Exercise directions:
Return the stretch from the line with "Хайлайтер LMHAUSS, 6 г, белый — фото 3" through the line with "loverubii online show from 12-05-25, 04:54" in the data below, character for character, skipping all pictures.

Raw data:
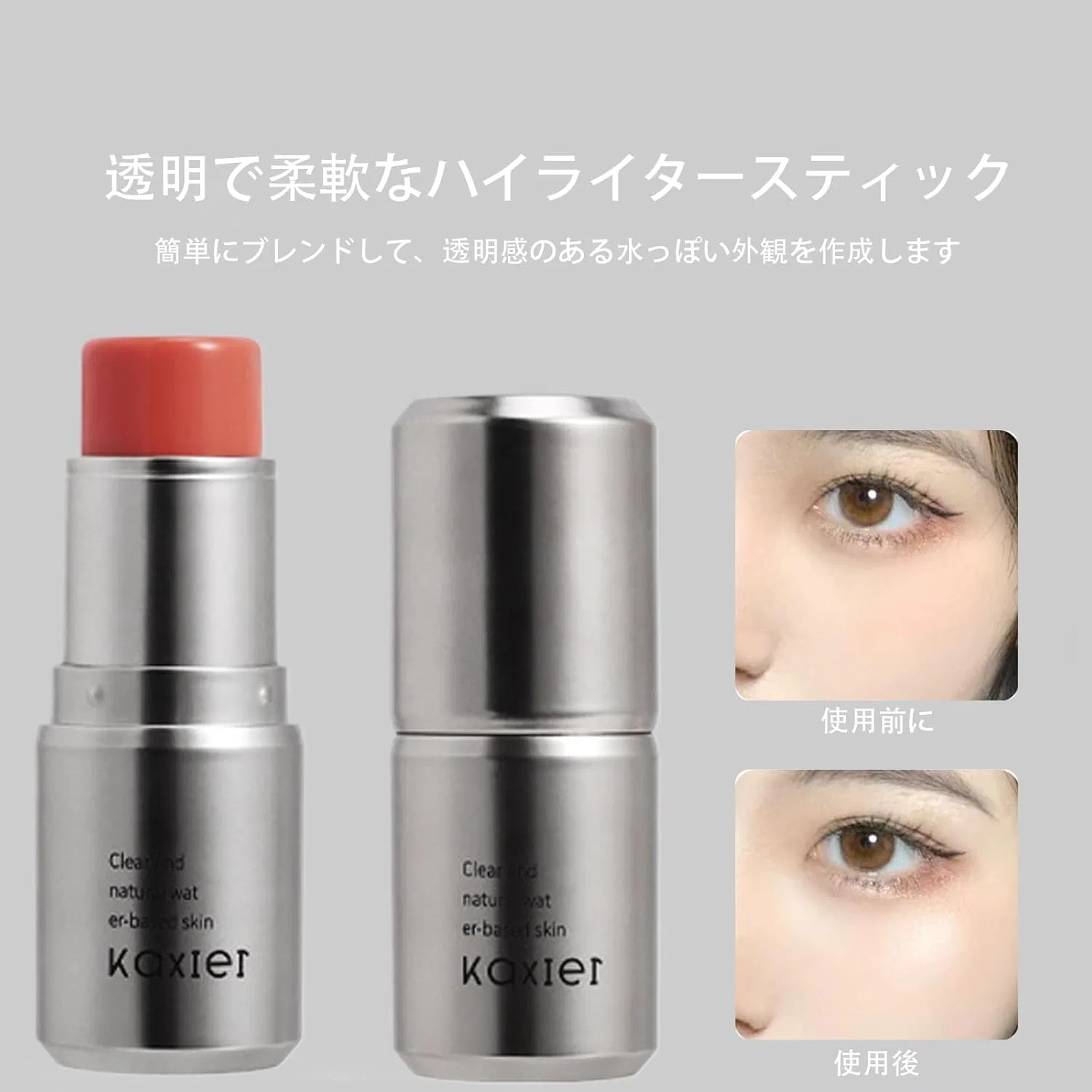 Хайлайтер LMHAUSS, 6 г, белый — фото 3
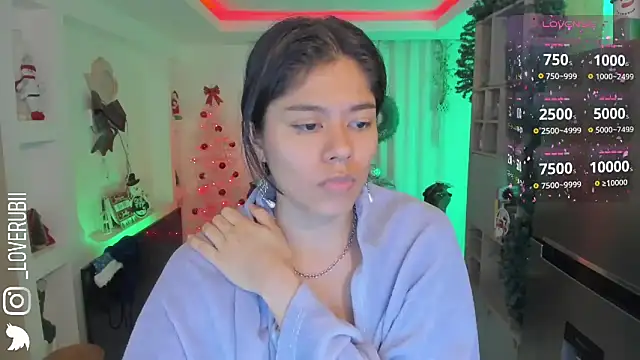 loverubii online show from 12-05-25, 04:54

---

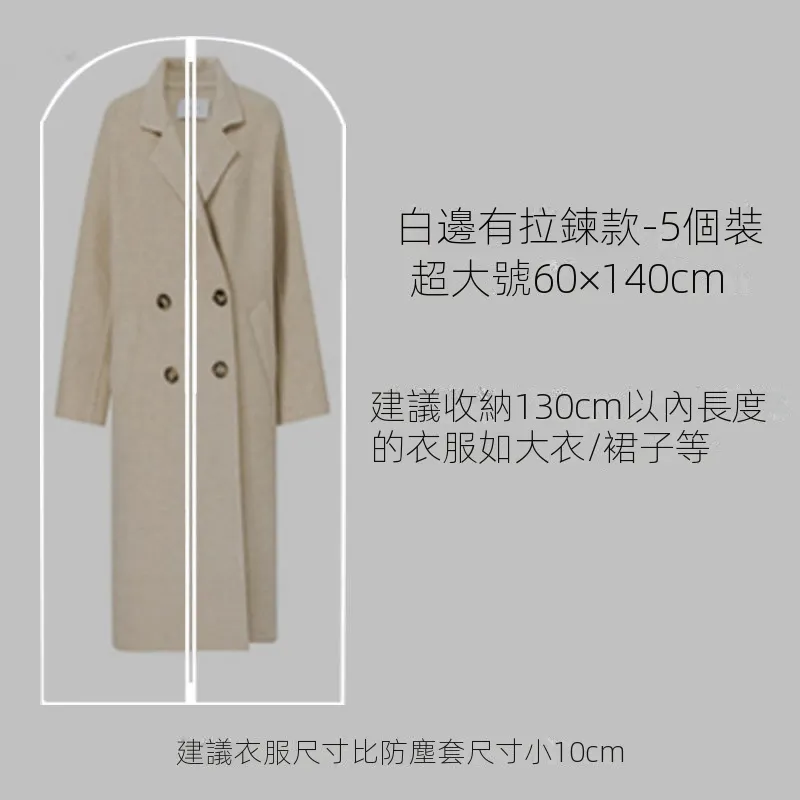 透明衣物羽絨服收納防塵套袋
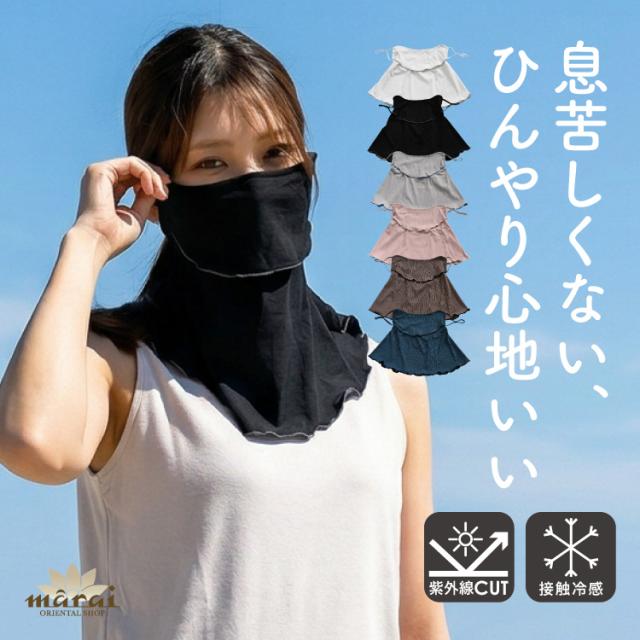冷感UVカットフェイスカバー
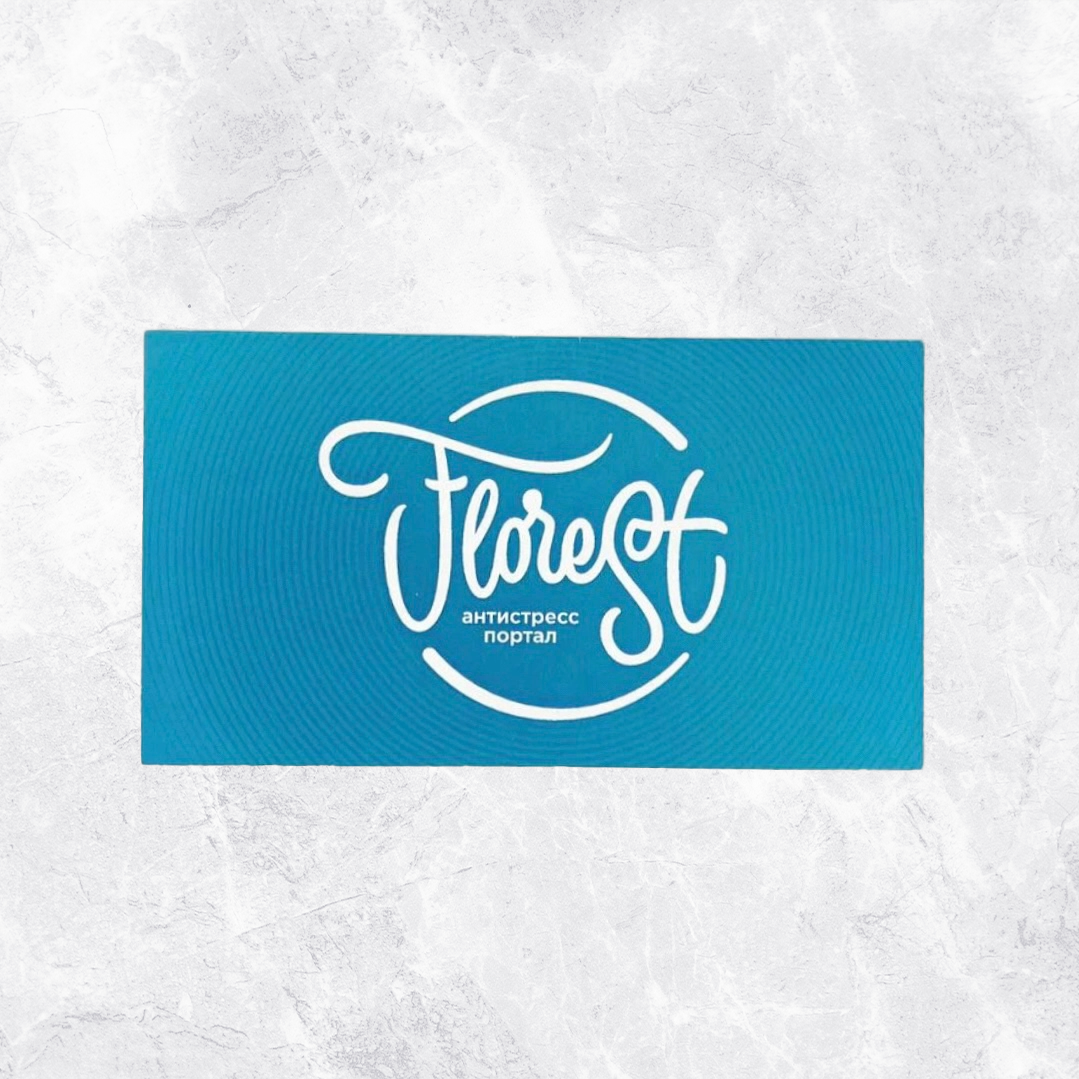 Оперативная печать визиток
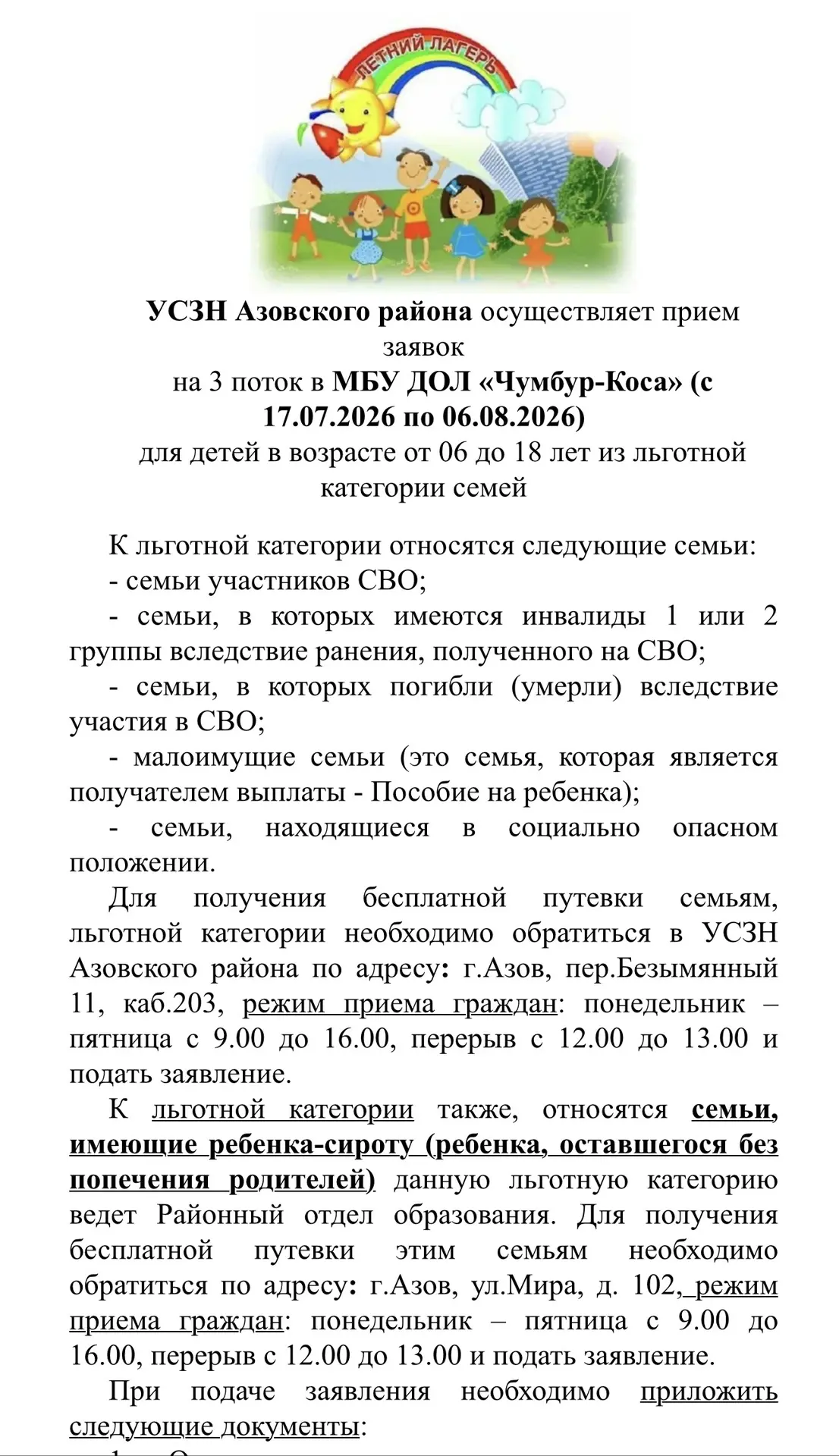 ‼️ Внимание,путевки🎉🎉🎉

Task output:
 Хайлайтер LMHAUSS, 6 г, белый — фото 3
 loverubii online show from 12-05-25, 04:54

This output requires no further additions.